Pour ceux qui s’étonneraient du rapprochement Dietrich Fischer Dieskau – Don McLean, on signalera l’élocution parfaite de ce dernier jusqu’aux moindres détails : écoutez donc Vincent (connue aussi sous le titre de Starry, Starry Night), chanson consacrée à La Nuit étoilée de Vincent Van Gogh, et dont les paroles, fort poétiques (et, avouons-le, alternant sublime et cucu la praline), intègrent des procédés littéraires particulièrement intéressants sur le plan sonore, tels les allitérations de flaming flowers that brightly blaze, avec une mélodie et un accompagnement particulièrement épurés (et notamment pour l’époque où plus la musique était tonitruante, plus elle avait de succès, comme il le dit lui-même dans un récent entretien). On écoutera avec profit aussi le très beau And I Love You So (autant pour le texte que la mélodie de la première partie), ou encore la très évocatrice Empty chairs (au texte riche en allitérations et anaphores) où il parle, d’une façon apparemment très détachée, du départ de la femme aimée.

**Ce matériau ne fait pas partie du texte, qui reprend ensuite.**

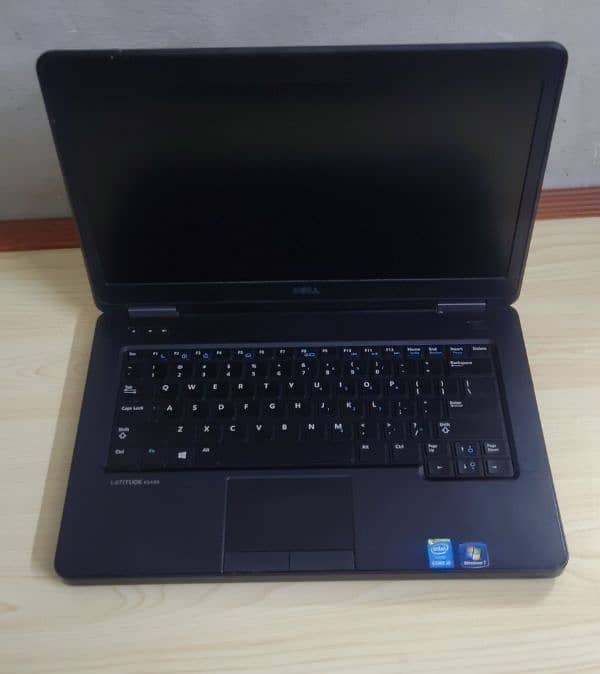 Dell Latitude E5440 0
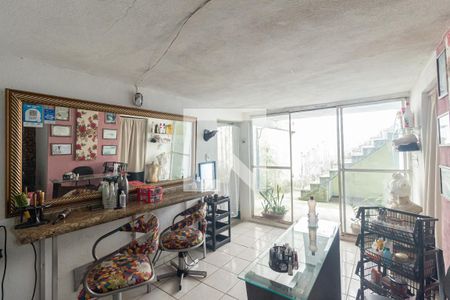Casa para alugar com 256m², 2 quartos e 4 vagasSalão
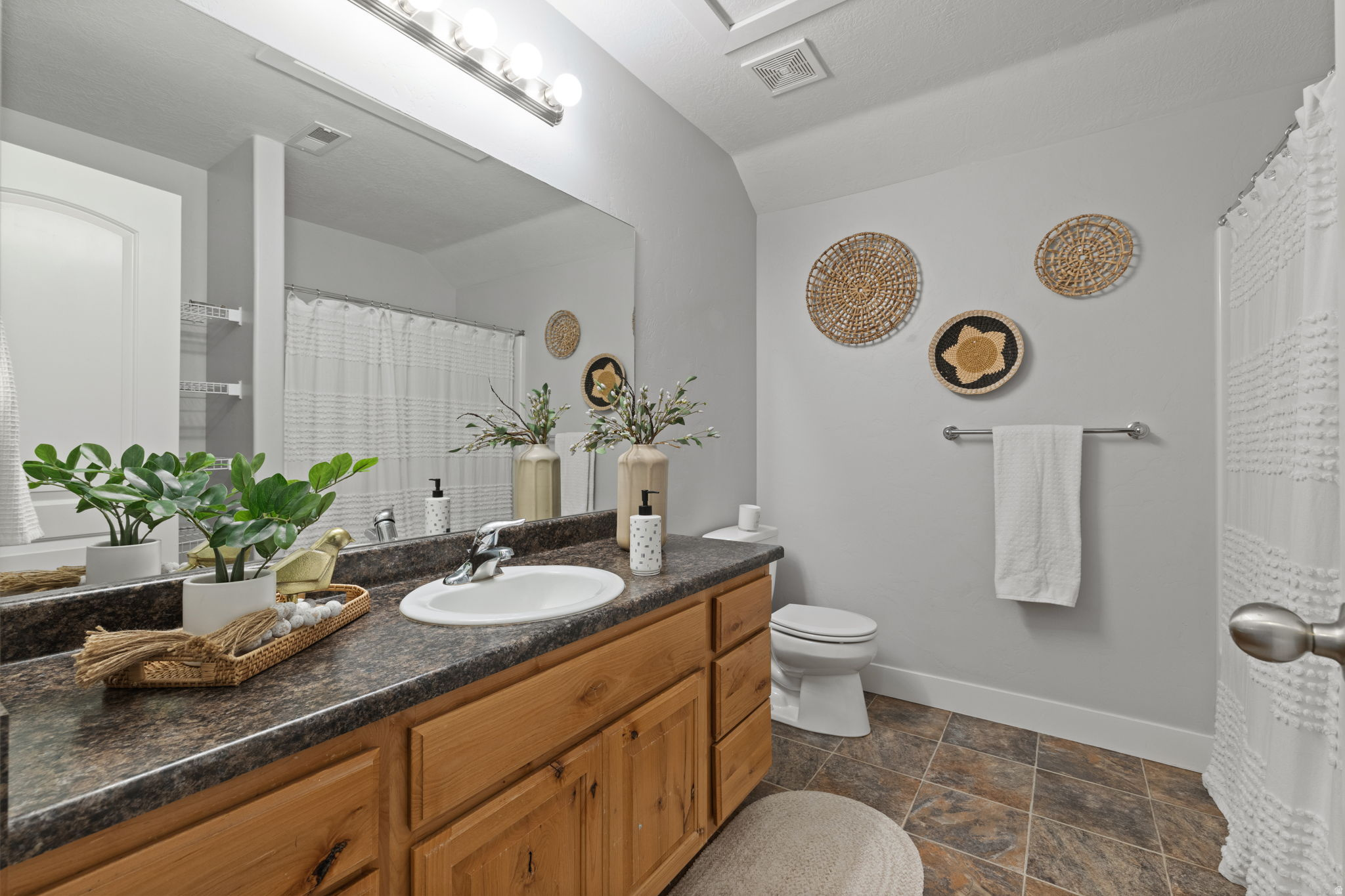 HIGHLANDS ON THE GRE - Residential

C’était aussi l’époque de Cat Stevens (My Lady d’Arbanville) ou de Simon et Garfunkel (Scarborough Fair), une génération de « troubadours américains » soft qui a succédé à celle des très grands chanteurs de folk : Pete Seeger (seul dans Where Have All The Flowers Gone? ou avec sa formation des Weavers dans The Erie Canal) que j’ai eu aussi la chance d’entendre en récital live au début des années 1980, Woody Guthrie (John Henry), Joan Baez (House of The Rising Sun), Johnny Cash (The Man Who Couldn’t Cry), Peter Paul and Mary (Blowin’ in the wind), le Kingston Trio (Tom Dooley) et tant d’autres dont on a précédemment parlé.

Tout doit sur Terre mourir un jour, mais la musique vivra toujours.